Developers recognise a need to establish a consistent style regardless of the local version of a product. Later localisation is facilitated if a clear style guide for design is developed which includes the use of universal graphics and icons wherever possible. Testing with potential users, provides feedback that forms the basis of further development including both maintenance and updates. In the Tawasol project, (creative commons symbol dictionary for Arabic speakers) the engagement of users was central to design. The community was at the heart of the process of review and testing through a combination of approaches including face to face and focus group sessions to discuss and vote on design options, alongside an online voting and management system that allowed users and professionals to give continuous feedback.

The delivery of successful, innovative technology solutions for people with a disability requires full consideration of these issues and implementation of suitable processes. Used effectively they can help reduce the cost of transfer, and in the case of Open Source solutions lead to a well managed, distributable solution that is cost effective and will have impact.

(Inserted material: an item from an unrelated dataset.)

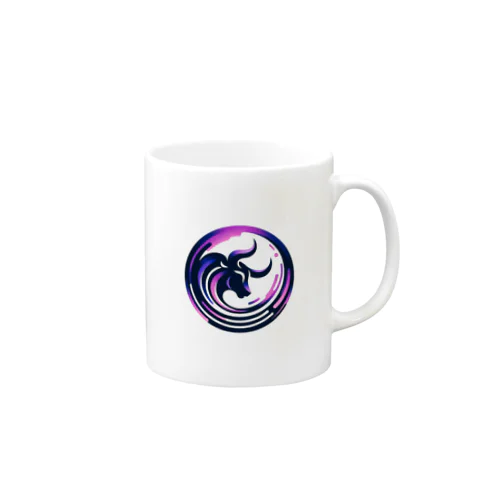 【九紫火星】guardian series “Taurus“ Mug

The ICT4D community has an opportunity to address these issues in a systematic manner. In seeking to support the production of quality cost effective solutions there is much that can be done together to map the availability of necessary components for localisation. The availability of available text to speech engines, word prediction tools and algorithms, speech recognition API’s and symbols for communication all provide the bulding blocks upon which new solutions can be built. Where such direct tools do not yet exist then there is a need to stimulate the production of the resources upon which these are built. Frequency of words lists in the form of a usable corpus are essential and the work of language communities to build a shareable phonetic speech corpus is an excellent example of the ways in which research can directly impact upon the creation of solutions.

Such building blocks significantly reduce the cost of localisation. They directly engage language and cultural communities in the production of products and they stimulate local innovation and development. The use of Open licences for such resources can do much to enable digital empowerment for people with a disability. Sharing the availability of research and resources can accelerate that process significantly.